== Provided data ==
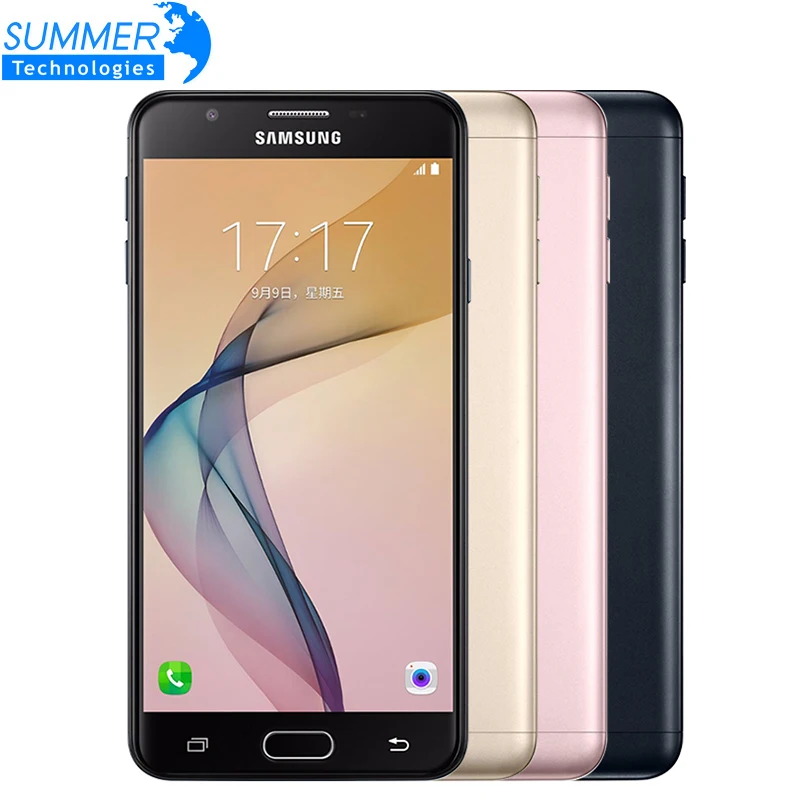 Цена за 2016 Samsung Galaxy On7 G6100 3 Г RAM 32 Г ROM Окта основные 5.5 ''13MP 3300 мАч 1920x1080 Dual SIM 4 Г LTE Сотовые Телефоны Цена за 2016 Samsung Galaxy On7 G6100 3 Г RAM 32 Г ROM Окта основные 5.5 ''13MP 3300 мАч 1920x1080 Dual SIM 4 Г LTE Сотовые Телефоны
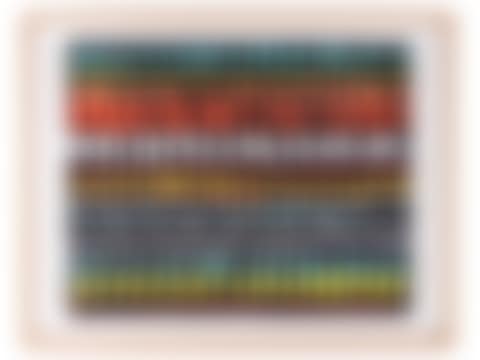 Pattern project for fabric (preview)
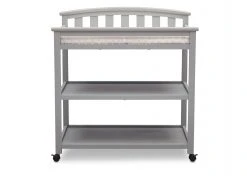 Delta Children Dressers & Changing Tables Freedom Changing Table 19 Delta Children Dressers & Changing Tables Freedom Changing Table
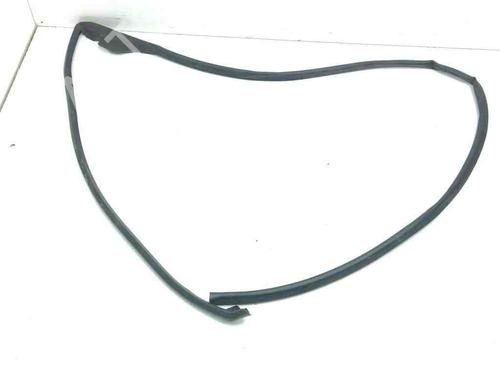 Rubber door seal VW T-ROC (A11, D11) 1.5 TSI | BP28905842C142 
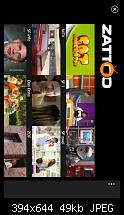 Must Have-Apps für WP7 - Empfehlungen-2y7m6.jpg
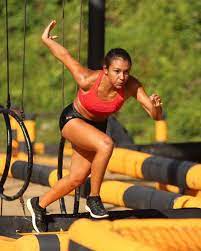 Apoyemos a kenia lechuga en el exatlon en el exatlon!!!!! Exatlon Mexico Atletas Que Competiran En Los Juegos Olimpicos De Tokio 2021 Heraldo Deportes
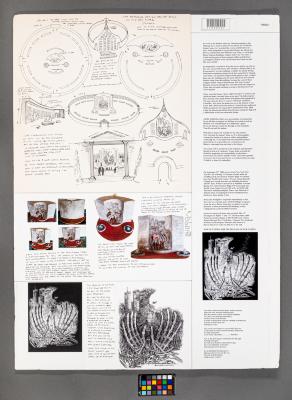 Design Plan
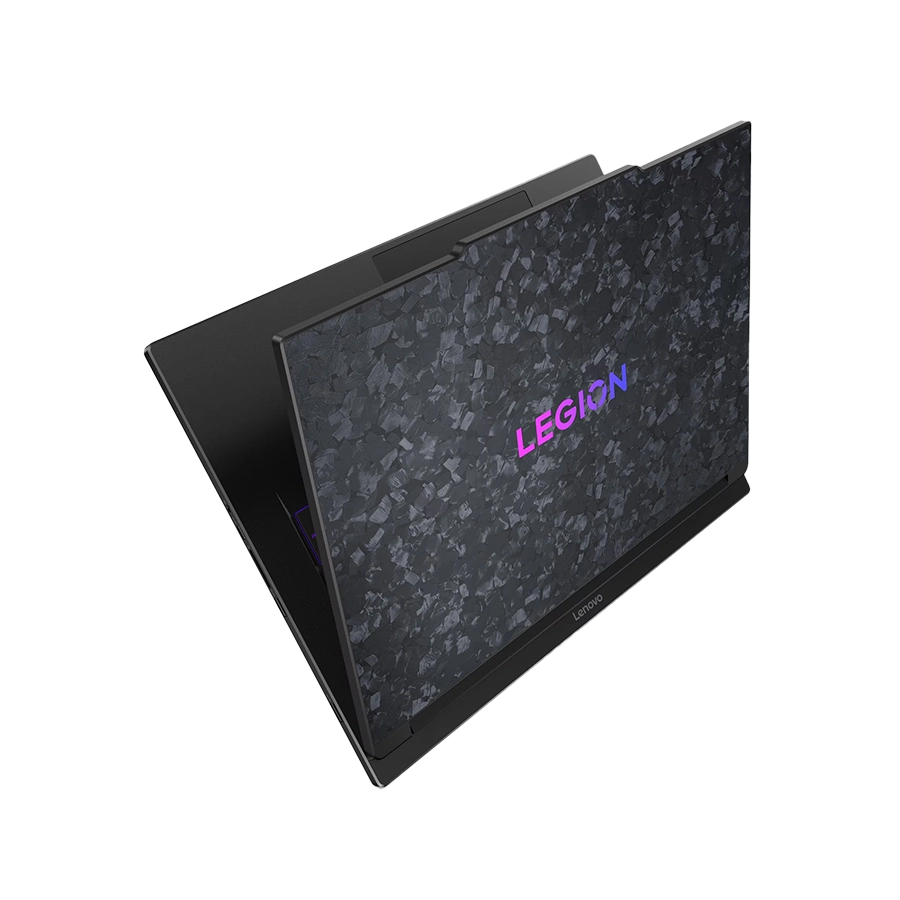 Lenovo Legion 9 18IAX10-ZF (2025) لپ تاپ گیمینگ لنوو… — لنوو در این مدل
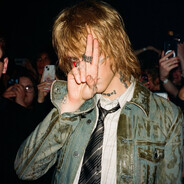 Wyzi.jr•_• - steam id 76561199447024113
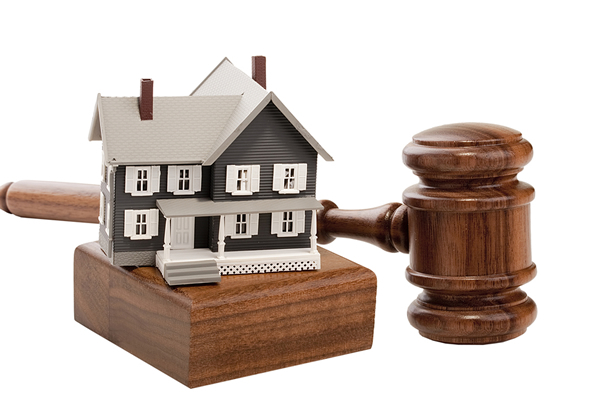 Loans After Bankruptcy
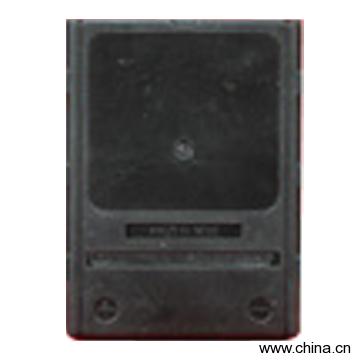 NiCd AA 600mAh 6.0V Battery
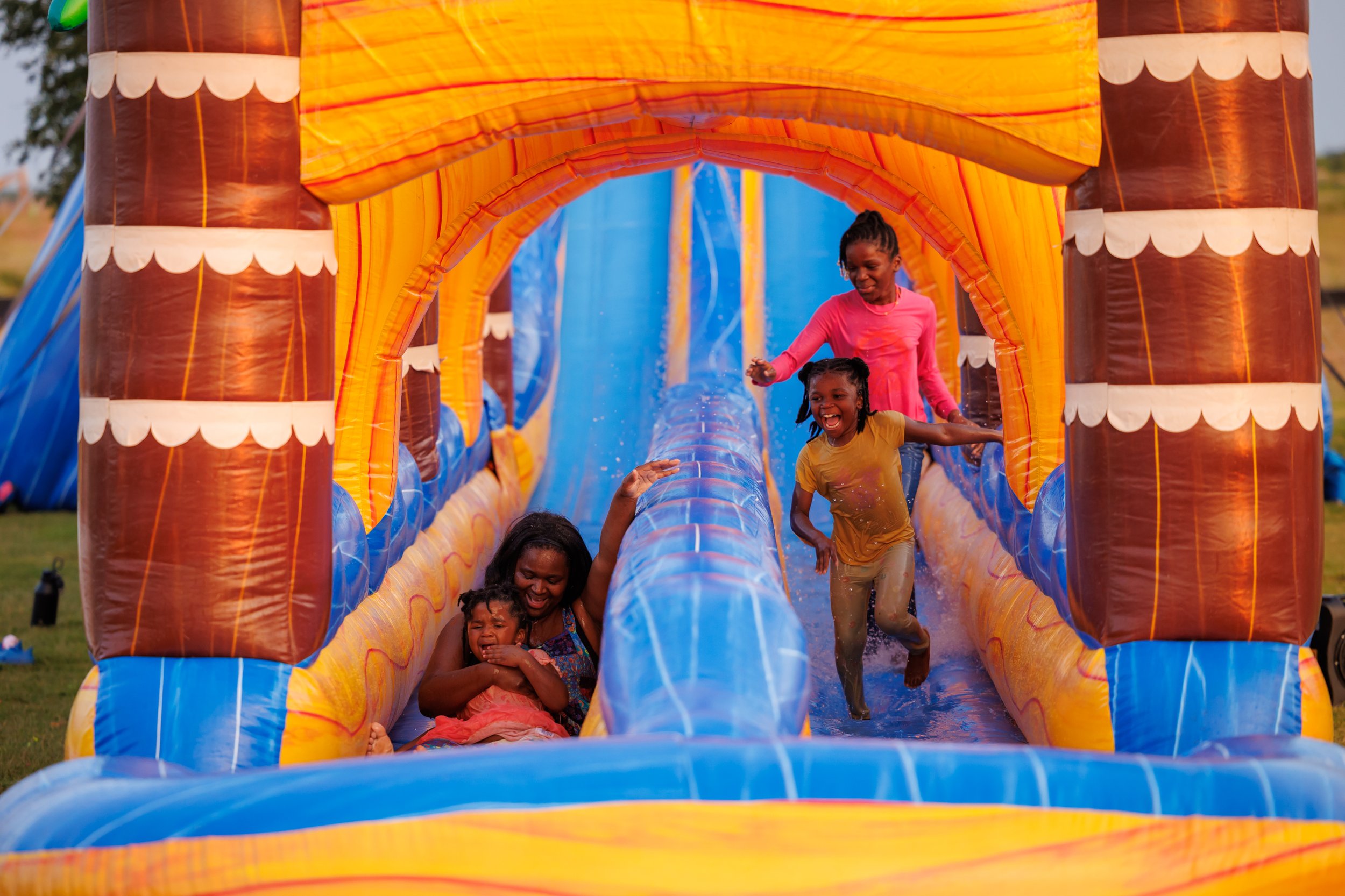 8.8.2026-Jubilee-2026-Water-Balloon-Fight-Web-Steven-Pedini-Photography-317-AH2A4739.jpg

== Exercise instructions ==
Quote exactly, and only, the lines from the line containing "Lenovo Legion 9" through the final line of the records above, both included, omitting any pictures.

== Exercise solution ==
 Lenovo Legion 9 18IAX10-ZF (2025) لپ تاپ گیمینگ لنوو… — لنوو در این مدل
 Wyzi.jr•_• - steam id 76561199447024113
 Loans After Bankruptcy
 NiCd AA 600mAh 6.0V Battery
 8.8.2026-Jubilee-2026-Water-Balloon-Fight-Web-Steven-Pedini-Photography-317-AH2A4739.jpg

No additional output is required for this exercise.